WORK INSTRUCTIONS – Find the line below with "Beer tap handle" and the line with "A bathroom with". Output exactly those lines and everything between them, leaving out the pictures.

DATA FOR ANALYSIS –
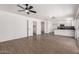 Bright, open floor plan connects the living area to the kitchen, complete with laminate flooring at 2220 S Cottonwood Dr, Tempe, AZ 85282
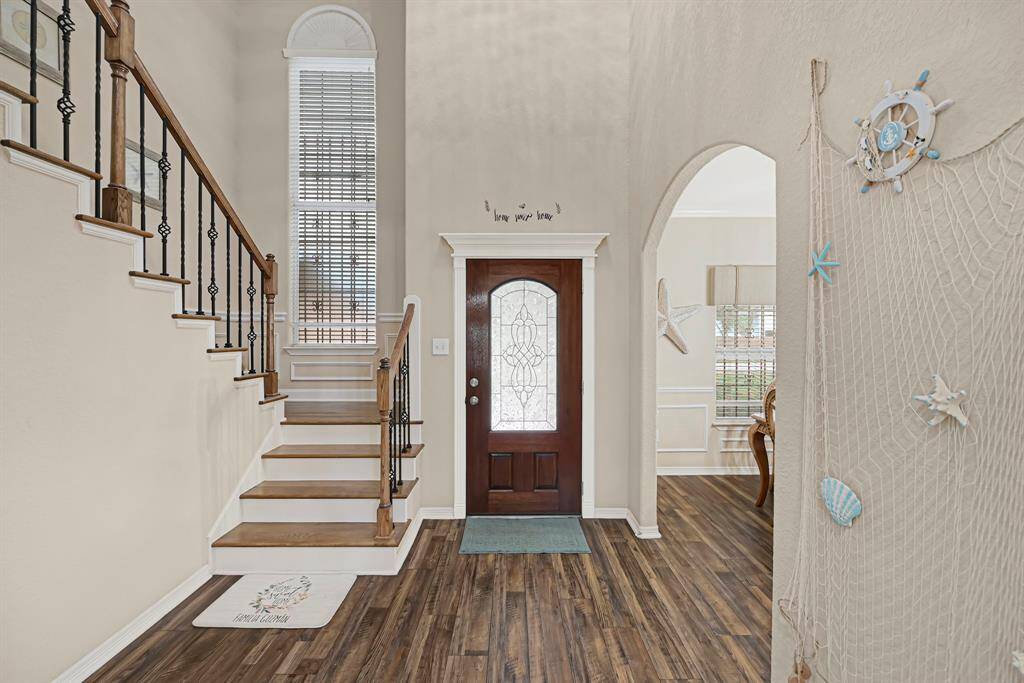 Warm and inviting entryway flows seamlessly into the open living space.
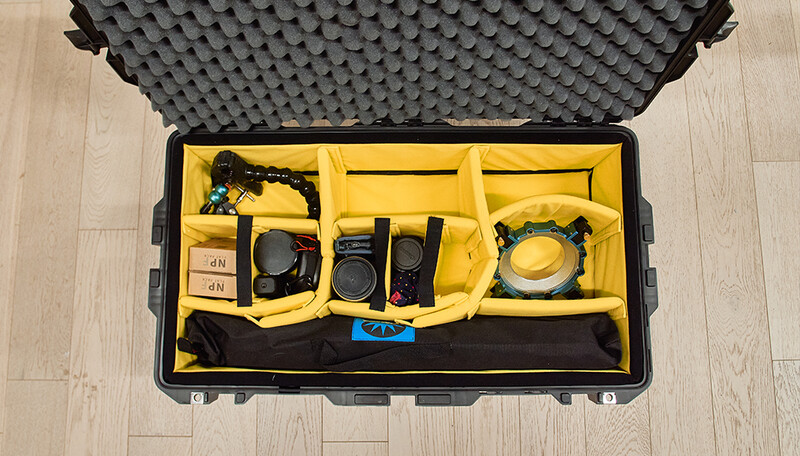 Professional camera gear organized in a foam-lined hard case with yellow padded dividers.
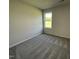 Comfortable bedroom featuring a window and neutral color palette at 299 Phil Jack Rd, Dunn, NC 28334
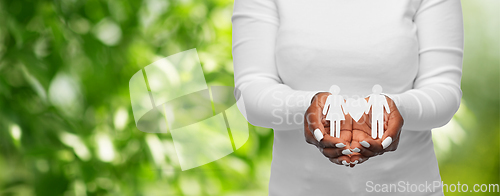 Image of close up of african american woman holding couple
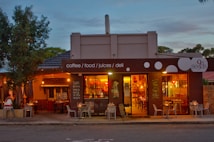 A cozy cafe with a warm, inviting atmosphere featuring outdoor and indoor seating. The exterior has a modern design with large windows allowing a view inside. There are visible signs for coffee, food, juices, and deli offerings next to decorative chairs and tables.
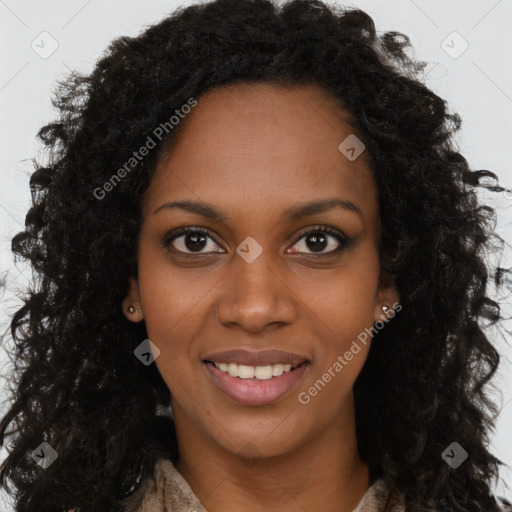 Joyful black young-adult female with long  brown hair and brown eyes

...

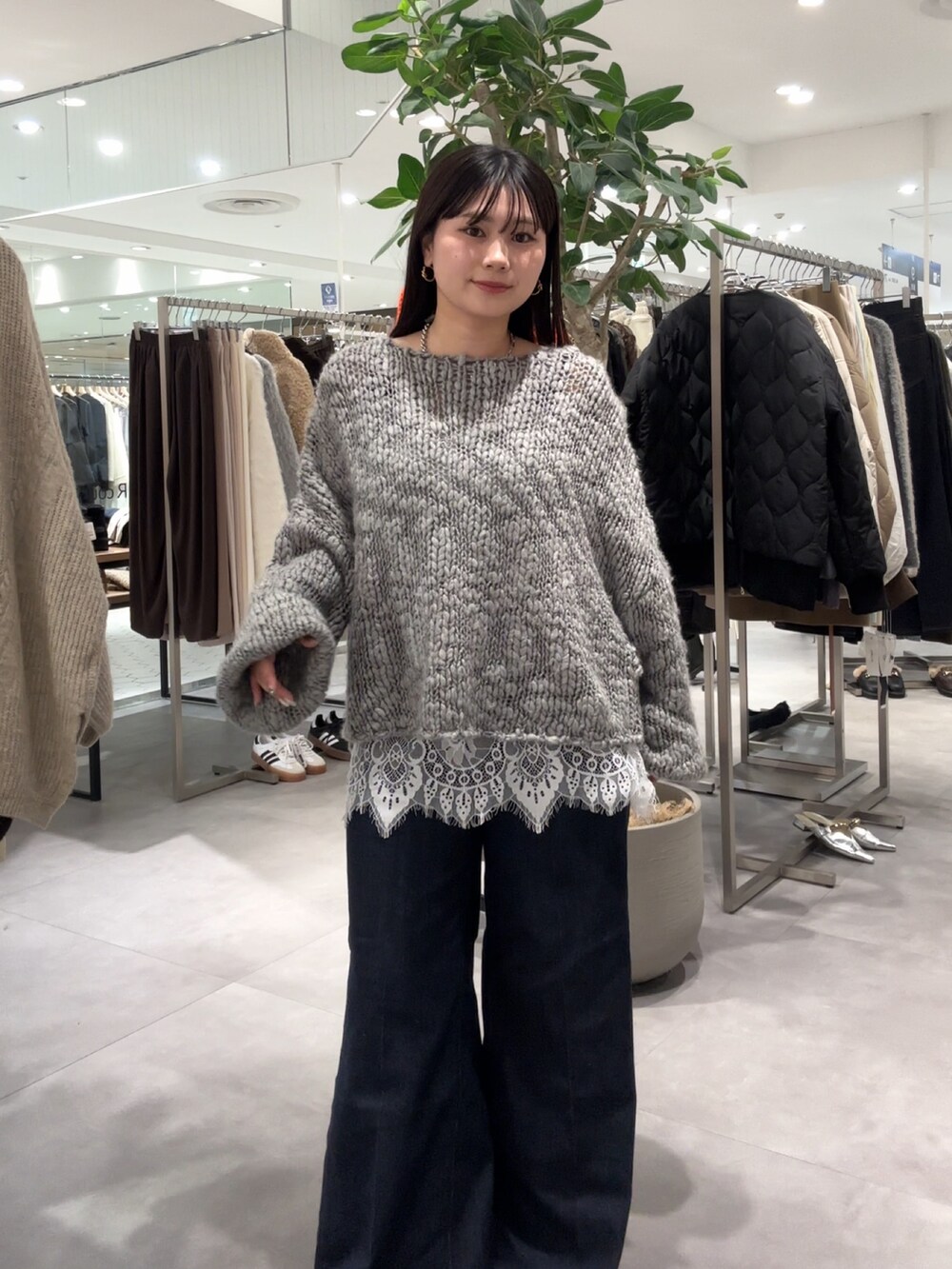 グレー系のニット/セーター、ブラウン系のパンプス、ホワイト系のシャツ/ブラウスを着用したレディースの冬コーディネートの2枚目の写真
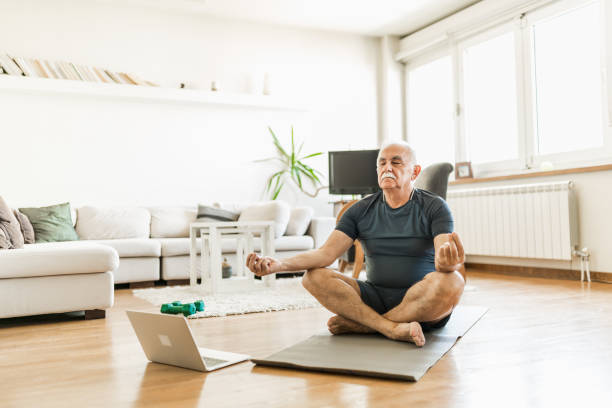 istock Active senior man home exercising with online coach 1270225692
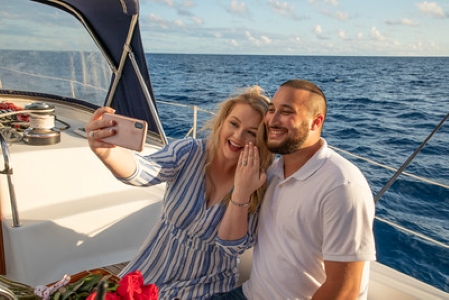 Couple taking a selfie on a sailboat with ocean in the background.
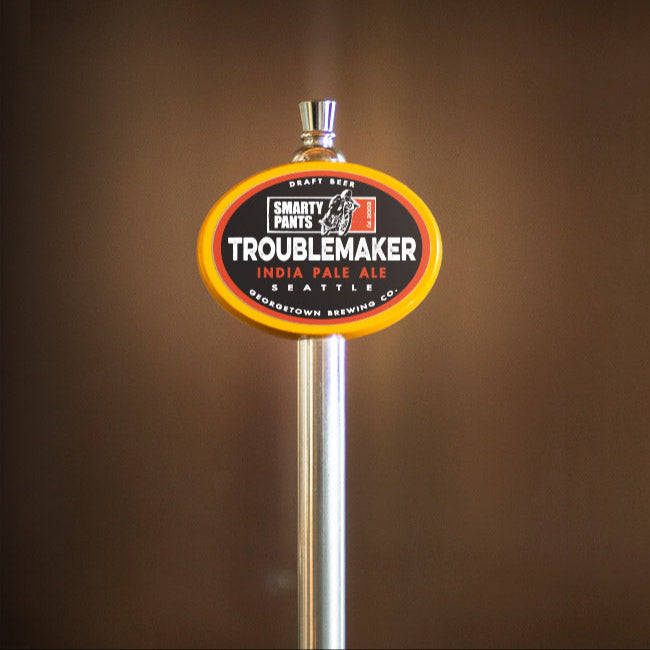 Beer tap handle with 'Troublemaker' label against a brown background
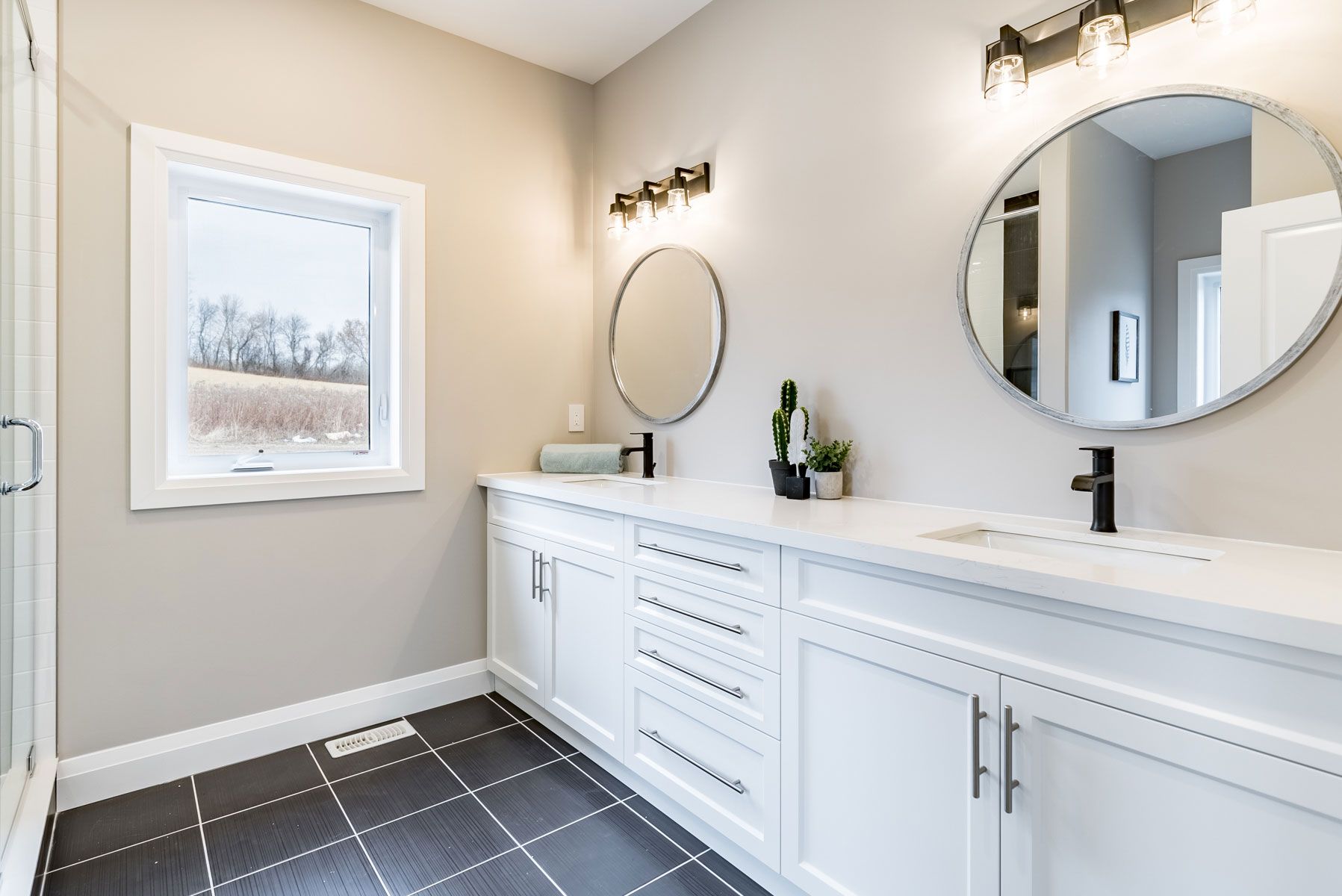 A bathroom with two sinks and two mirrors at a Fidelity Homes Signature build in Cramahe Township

ANSWER TO THE EXERCISE –
 Beer tap handle with 'Troublemaker' label against a brown background
 A bathroom with two sinks and two mirrors at a Fidelity Homes Signature build in Cramahe Township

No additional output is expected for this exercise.